There is a dire need for local automakers to increase and enhance their capacity, but it seems that they are not in any mood in this regard. As per the report, out of the four existing auto players, three Japanese and one Chinese, only Honda and Toyota have shown indication to moderately (by 10-20%) increase their production capacities in 2018/19.

While there have been efforts to marginally increase production in the past year, however, there is no indication that any of the existing manufacturers are considering a significant increase in production capacity in the next few years, the report added. Although, Toyota and Honda have asserted that investment and increasing of capacity is an extensive process and take one to two years to bear fruit.

The current production capacity of local automakers and the expected increase in 2019 is as below:

Manufacturers Capacity 2018 Capacity 2019
Pak Suzuki 150,000 150,000
Indus Motor 54,800 65,000
Honda Motors 50,000 55,000
Al-Haj FAW 11,000 11,000
Total 2,65,800 2,81,000

Read Also: Auto companies invest millions in the local auto industry

It is worth mentioning here that the actual production capacity can exceed installed capacity with different techniques such as keep the production line open on holidays and extra shifts. IMC is using this method to increase its demand. They can achieve 75,000 unit production on an installed capacity of 65,000 cars. This phenomenon can also be when the company announced an investment of PKR 3.3 billion. And after the approval of investment, the production capacity of the plant can be enhanced to 75,000+ units, on a double shift basis.

According to industry experts, on one side, local automakers are reluctant to invest wholeheartedly in the local auto industry, every car maker is happy to monopolize its own segment and doesn’t want competition and, on the other hand, newcomers have and are willing to invest millions of Dollars in the country. For example, Ghandhara Nissan, Dewan Farooq Motors, Hyundai Nishat Motors, Foton JW Auto Park and Sazgar Engineering Works Ltd. will be investing $41.3 million, $145 million, $163million, $11.45 million, and$31.01 million, respectively. Furthermore, Al-Futtaim with its partner Renault is investing $230 million in the domestic auto industry.

They are hoping that due to the influx of investment from new automakers and plans to produce thousands of vehicles, the supply and demand of vehicles in the country will no longer be an issue in the future.
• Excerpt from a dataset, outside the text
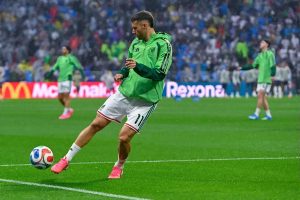 Milan faces loan dilemma as Lazio and Porto bid for Santiago Gimenez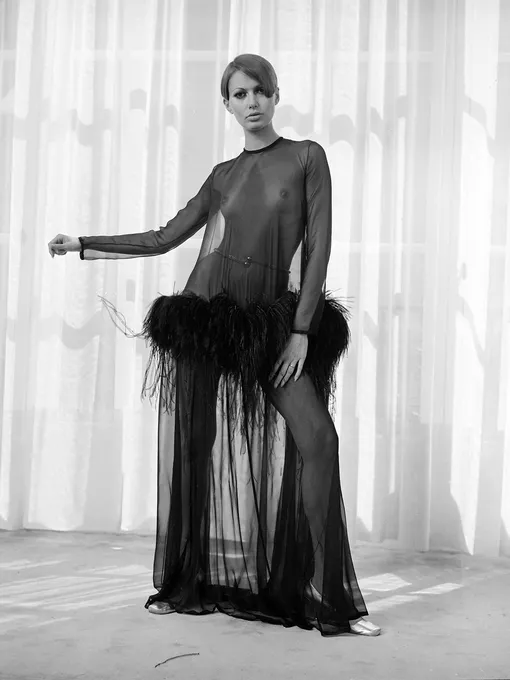 Модель в платье Yves Saint Laurent, 1968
The menace of long delivery timed and ON money will be filtered out from the industry, as of now, due to a ban on non-filers the delivery of cars has been shortened and as if the policy continues and new automakers starts producing vehicles, the premium and long waits for cars will no longer be a problem, on the contrary, due to competition the quality of cars will increase.

Experts are anticipating great things for local auto industry after the arrival of new automakers, as of now, over 13 automakers have entered in Pakistan and has been given incentives by the government, but recently due to instability of rupee against the Dollar, few of the local automakers have raised their concerns and argued that after the passing of each day it is becoming difficult for them to bring investment in the country, so the government should take steps to avoid automakers from losing confidence in coming to Pakistan.